» **Assigned task**
Beginning at the line that includes "Ximbinha passou por" in the entries below, print each line exactly as it appears, through the last one.

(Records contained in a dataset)
################

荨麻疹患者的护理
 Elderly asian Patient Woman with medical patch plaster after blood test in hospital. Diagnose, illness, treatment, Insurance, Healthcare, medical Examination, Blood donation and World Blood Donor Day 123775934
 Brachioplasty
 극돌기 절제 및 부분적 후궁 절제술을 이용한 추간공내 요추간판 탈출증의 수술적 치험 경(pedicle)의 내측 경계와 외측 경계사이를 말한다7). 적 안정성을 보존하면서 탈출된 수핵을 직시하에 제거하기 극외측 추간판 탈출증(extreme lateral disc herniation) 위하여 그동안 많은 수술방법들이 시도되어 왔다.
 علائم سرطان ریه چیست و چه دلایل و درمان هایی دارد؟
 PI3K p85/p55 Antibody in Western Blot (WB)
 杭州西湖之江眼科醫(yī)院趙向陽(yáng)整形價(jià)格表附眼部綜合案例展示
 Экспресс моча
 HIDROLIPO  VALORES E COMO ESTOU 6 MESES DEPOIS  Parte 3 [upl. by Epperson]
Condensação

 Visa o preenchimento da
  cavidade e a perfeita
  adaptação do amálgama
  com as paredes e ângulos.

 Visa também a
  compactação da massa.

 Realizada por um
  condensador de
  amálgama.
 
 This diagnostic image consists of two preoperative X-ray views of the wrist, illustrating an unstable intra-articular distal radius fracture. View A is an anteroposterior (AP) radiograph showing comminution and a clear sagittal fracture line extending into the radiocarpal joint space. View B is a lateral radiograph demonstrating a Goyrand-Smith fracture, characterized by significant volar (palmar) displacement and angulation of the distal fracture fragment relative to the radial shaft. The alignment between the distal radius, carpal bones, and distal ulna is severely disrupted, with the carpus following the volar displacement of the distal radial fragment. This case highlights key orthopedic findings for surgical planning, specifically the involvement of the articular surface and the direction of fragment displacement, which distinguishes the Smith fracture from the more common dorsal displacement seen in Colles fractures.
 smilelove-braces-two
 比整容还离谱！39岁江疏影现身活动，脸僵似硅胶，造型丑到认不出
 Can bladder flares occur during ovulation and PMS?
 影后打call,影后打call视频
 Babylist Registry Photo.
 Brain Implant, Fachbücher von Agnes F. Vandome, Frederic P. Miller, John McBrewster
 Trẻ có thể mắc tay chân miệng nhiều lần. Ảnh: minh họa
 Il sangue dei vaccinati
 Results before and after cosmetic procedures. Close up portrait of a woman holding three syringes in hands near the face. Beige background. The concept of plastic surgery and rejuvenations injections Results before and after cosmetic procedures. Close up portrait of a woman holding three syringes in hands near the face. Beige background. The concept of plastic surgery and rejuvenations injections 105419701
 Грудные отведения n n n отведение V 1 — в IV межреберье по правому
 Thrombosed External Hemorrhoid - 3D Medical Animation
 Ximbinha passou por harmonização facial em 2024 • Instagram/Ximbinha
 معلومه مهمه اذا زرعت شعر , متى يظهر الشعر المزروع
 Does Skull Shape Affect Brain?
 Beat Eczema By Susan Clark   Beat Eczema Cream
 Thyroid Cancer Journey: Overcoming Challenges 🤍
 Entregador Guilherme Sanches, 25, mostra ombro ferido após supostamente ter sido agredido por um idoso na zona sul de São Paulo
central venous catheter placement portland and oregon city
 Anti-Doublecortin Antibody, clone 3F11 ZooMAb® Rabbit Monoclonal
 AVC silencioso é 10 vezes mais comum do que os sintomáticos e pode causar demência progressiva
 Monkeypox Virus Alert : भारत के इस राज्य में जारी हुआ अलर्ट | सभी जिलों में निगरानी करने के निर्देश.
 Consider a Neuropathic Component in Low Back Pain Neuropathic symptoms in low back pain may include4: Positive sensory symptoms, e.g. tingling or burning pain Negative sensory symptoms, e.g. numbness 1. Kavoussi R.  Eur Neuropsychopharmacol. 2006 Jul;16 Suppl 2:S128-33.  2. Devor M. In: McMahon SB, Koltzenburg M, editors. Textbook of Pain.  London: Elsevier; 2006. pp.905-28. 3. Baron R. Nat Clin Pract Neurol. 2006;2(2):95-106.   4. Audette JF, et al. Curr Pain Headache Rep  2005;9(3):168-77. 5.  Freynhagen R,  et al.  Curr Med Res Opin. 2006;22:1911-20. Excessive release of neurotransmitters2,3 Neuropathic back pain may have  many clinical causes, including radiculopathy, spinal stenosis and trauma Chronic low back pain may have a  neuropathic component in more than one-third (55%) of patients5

################

» **Output for this task**
 Ximbinha passou por harmonização facial em 2024 • Instagram/Ximbinha
 معلومه مهمه اذا زرعت شعر , متى يظهر الشعر المزروع
 Does Skull Shape Affect Brain?
 Beat Eczema By Susan Clark   Beat Eczema Cream
 Thyroid Cancer Journey: Overcoming Challenges 🤍
 Entregador Guilherme Sanches, 25, mostra ombro ferido após supostamente ter sido agredido por um idoso na zona sul de São Paulo
central venous catheter placement portland and oregon city
 Anti-Doublecortin Antibody, clone 3F11 ZooMAb® Rabbit Monoclonal
 AVC silencioso é 10 vezes mais comum do que os sintomáticos e pode causar demência progressiva
 Monkeypox Virus Alert : भारत के इस राज्य में जारी हुआ अलर्ट | सभी जिलों में निगरानी करने के निर्देश.
 Consider a Neuropathic Component in Low Back Pain Neuropathic symptoms in low back pain may include4: Positive sensory symptoms, e.g. tingling or burning pain Negative sensory symptoms, e.g. numbness 1. Kavoussi R.  Eur Neuropsychopharmacol. 2006 Jul;16 Suppl 2:S128-33.  2. Devor M. In: McMahon SB, Koltzenburg M, editors. Textbook of Pain.  London: Elsevier; 2006. pp.905-28. 3. Baron R. Nat Clin Pract Neurol. 2006;2(2):95-106.   4. Audette JF, et al. Curr Pain Headache Rep  2005;9(3):168-77. 5.  Freynhagen R,  et al.  Curr Med Res Opin. 2006;22:1911-20. Excessive release of neurotransmitters2,3 Neuropathic back pain may have  many clinical causes, including radiculopathy, spinal stenosis and trauma Chronic low back pain may have a  neuropathic component in more than one-third (55%) of patients5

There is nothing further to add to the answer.